“If you have two friends in your lifetime, you’re lucky. If you have one good friend, you’re more than lucky.”
― S.E. Hinton
In 1919, Hallmark created Friendship Day to encourage people to buy and send each other greeting cards. During World War II that market slowed to a standstill, until the holiday was no longer recognized.
But in 2011, Friendship Day was resurrected by the United Nations to foster the idea of friendship between nations, cultures and individuals in an effort to create peace.
Peace is an ambitious endeavor given these divisive, troubled times. Like any worthwhile endeavor, it takes effort and practice. And it begins at home.
How much time do you spend cultivating relationships with the people you love?
The benefits of social relationships are more powerful than you might imagine.
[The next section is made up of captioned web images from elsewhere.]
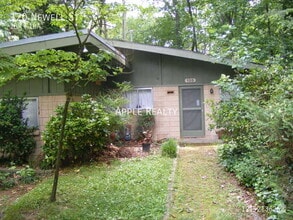Building Photo - 120 Newell St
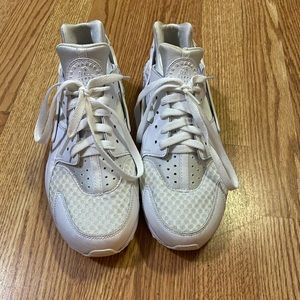 Nike Air Huarache white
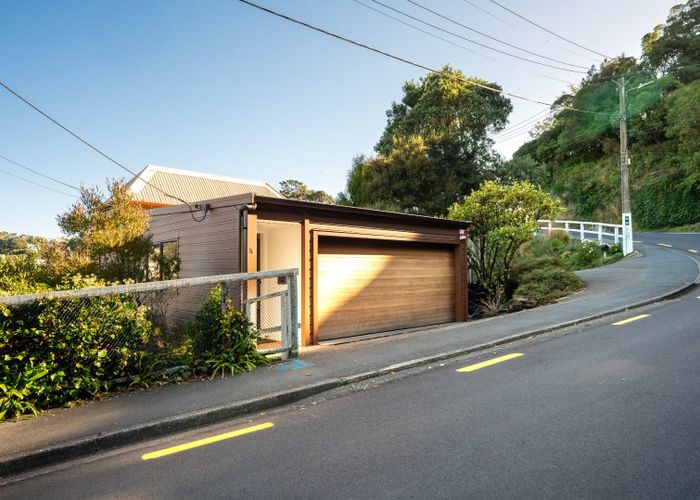  at 16 Garden Road, Northland, Wellington, Wellington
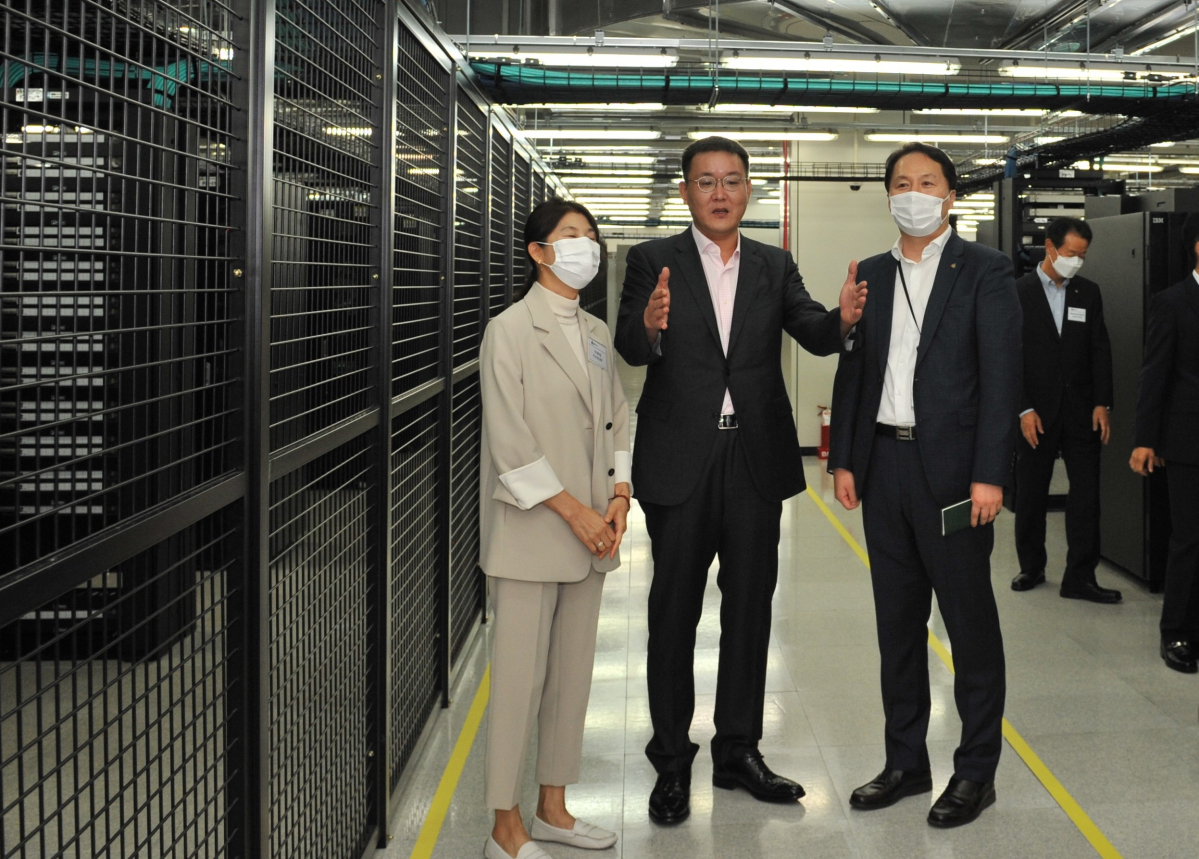 ▲29일 오후 김남호 DB그룹 회장이 경기도 용인시에 위치한 DB Inc. 데이터센터를 방문해 직원들과 함께 서버실을 둘러보고 있다. (사진제공=DB그룹)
A 2010 study on Social Relationships and Mortality Risk from the University of Cambridge, England studied the extent to which social relationships impact mortality.
It found that social relationships influence health outcomes of adults as strongly as other mortality risk factors, including smoking, alcohol consumption, physical inactivity and obesity.
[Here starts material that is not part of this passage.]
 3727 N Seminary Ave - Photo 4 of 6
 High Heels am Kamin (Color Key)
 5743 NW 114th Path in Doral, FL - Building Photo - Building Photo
If you are one of the lucky one who count yourself blessed with one or more close friends, congratulations! Obviously, it’s not a free pass to smoke, drink to excess or be inactive, but it’s affirming to know that the time spent with friends sharing concerns, successes and the inevitable ups and downs of life helps us to stay healthy.
Facebook is an incredible place to connect, reconnect, share milestones or ask for prayers during dark times. That’s a good thing. But the connection of which I’m speaking takes place in real time, face-to-face – it cannot be replaced by Facebook posts or Tweets.
Consider making a regular date – weekly, bi-weekly, or monthly – with a friend or a group of friends – and stick to it. If distance separates you, consider using one of the many video conferencing tools like Skype or FaceTime.
While it may seem formal or unnecessary to do so, consider setting some boundaries for how the time will be used. Whether you’re meeting with one person, or more, the following guidelines may be helpful:
- Agree on confidentiality.
- Each person has a “set” amount of time to talk. All should agree and adhere to the amount of time allotted.
- No interruptions until a person has finished, with comments being offered only if they’re open to feedback.
Sometimes the most healing space we can provide for friends is a container for being witnessed and heard. One of the great joys for me this past year has been reconnecting with a number of childhood friends. Even with my skills as a Wellness Coach, I’m constantly learning from them and humbled by their wisdom.
I invite you to try this for 4 scheduled meetings. Notice if it doesn’t increase general feelings of appreciation, well being, self-confidence and love. It may also sharpen your listening skills – a key ingredient in any successful relationship.